Bundeswehrstandorte bleiben erhalten
28.10.2011„Der frühzeitige, kontinuierliche Einsatz hat sich gelohnt“, stellt der heimische Bundestagsabgeordnete Henning Otte (CDU) erleichtert fest. Der Fliegerhorst in Faßberg bleibt in vollem Umfang erhalten. Das Transporthubschrauberregiment 10 bleibt, ebenso die Deutsch-Französische Ausbildungseinheit Tiger. Hinzu kommen die Flugplatz-Bundesfeuerwehr und weitere Dienststellen. Die bisherige Schule der Luftwaffe 3 (TSLw 3) wird zum Technischen Ausbildungszentrum der Luftwaffe aufgewertet. Im Gegenzug wird in Kaufbeuren die TSLw 1 aufgelöst, die lange Zeit als Konkurrenzstandort zu Faßberg galt, und für die sich der bayerische Ministerpräsident Horst Seehofer bis zum Schluss eingesetzt hat.
Dass Celle zusätzlich als Standort gehalten werden konnte, freut mich ganz besonders. Hier standen wir vor der großen Herausforderung, dass wegen der Ausphasung des Hubschraubertyps Bo 105 die vorhandenen Strukturen gänzlich vor der Auflösung standen und der Flugplatzbetrieb damit hätte aufgegeben werden müssen.

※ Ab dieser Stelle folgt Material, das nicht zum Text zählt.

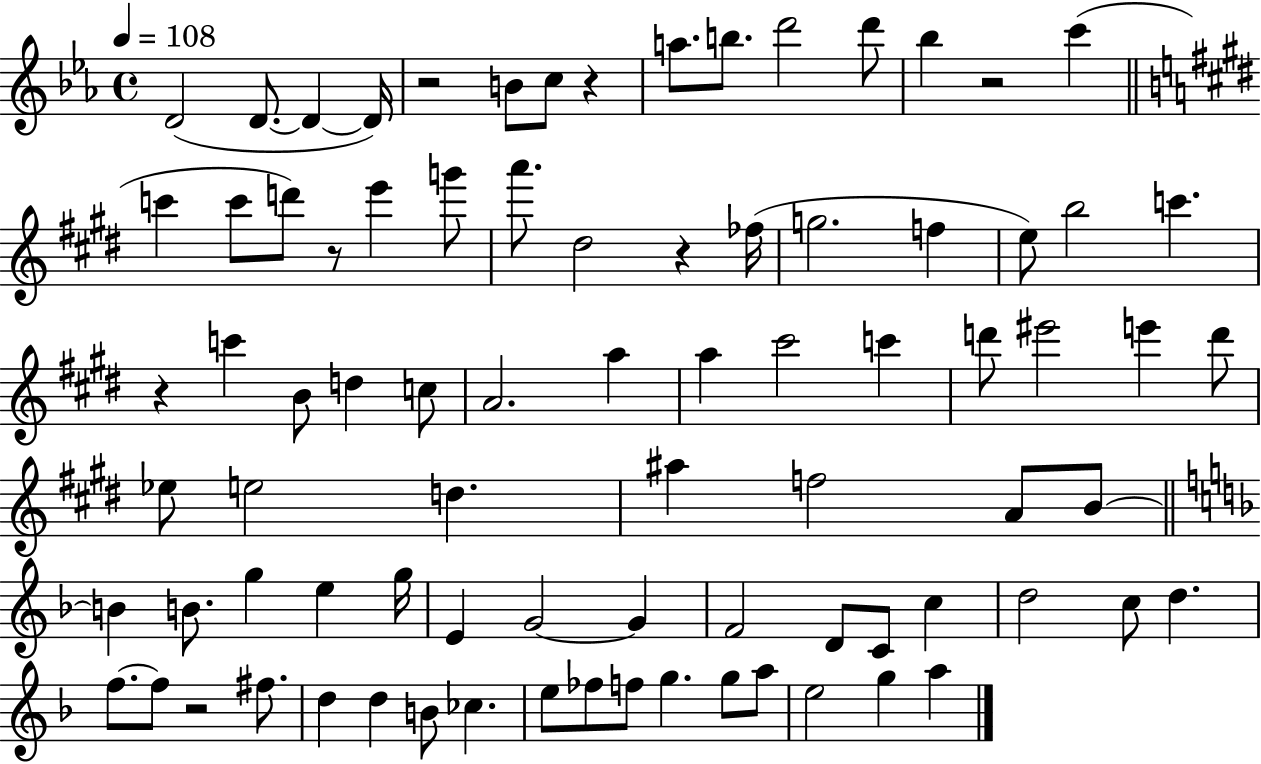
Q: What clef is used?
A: treble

Celle hat diese Strukturreform überlebt. Zukünftig wird hier ein Ausbildungs- und Übungszentrum luftgestützter Einsatz sowie ein Unteroffizieranwärter und Feldwebelanwärterbataillon eingerichtet werden. Mit einer Stammbesatzung von über 400 Dienstposten sowie mehreren hundert Lehrgangsteilnehmern, die jeweils bis zu einem Jahr in Celle stationiert werden, bleibt die Immelmann-Kaserne ein starker Standort. Hinzu kommt eine regionale Sanitätsversorgung sowie die Bundesfeuerwehr für den Flugplatz und weitere Dienststellen.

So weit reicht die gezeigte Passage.